=== Goal of the exercise ===
Exactly retype the lines below from the one containing "Volkswagen Passat 1.4" through the end of the listing. Leave pictures out.

=== Exercise data ===
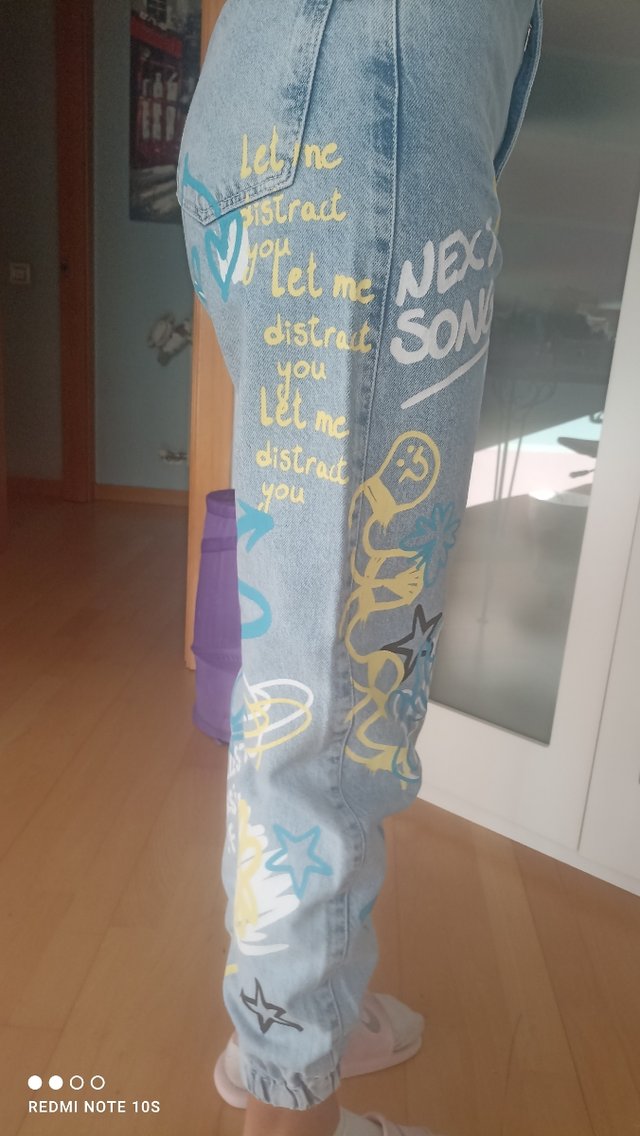 Tejano Jogger con grafittis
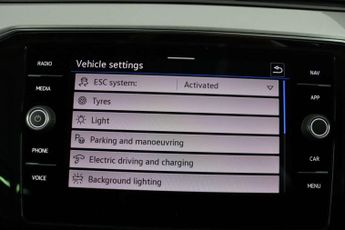 Volkswagen Passat 1.4 TSI 13kWh GTE Estate 5dr Petrol Plug-in Hybrid DSG Euro 6 (s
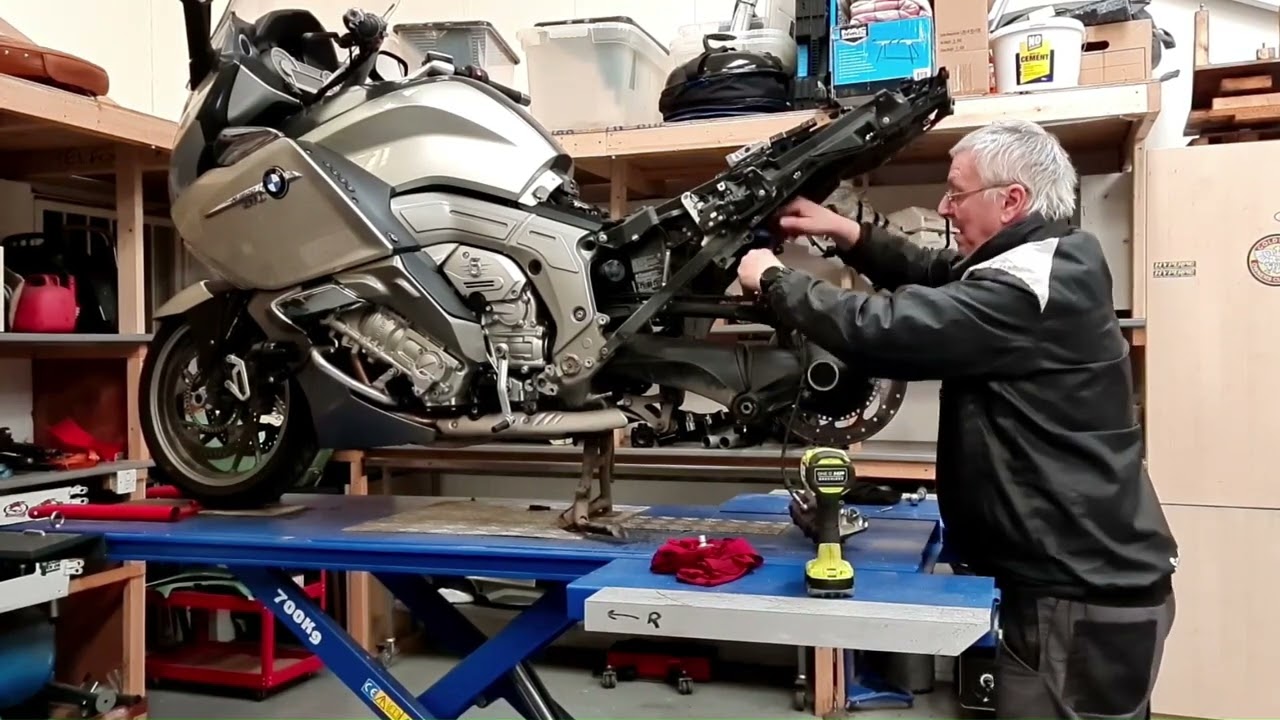 T072 2012 BMW K1600 GTL - Hannigan Build - Bike Strip Down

=== Task output ===
 Volkswagen Passat 1.4 TSI 13kWh GTE Estate 5dr Petrol Plug-in Hybrid DSG Euro 6 (s
 T072 2012 BMW K1600 GTL - Hannigan Build - Bike Strip Down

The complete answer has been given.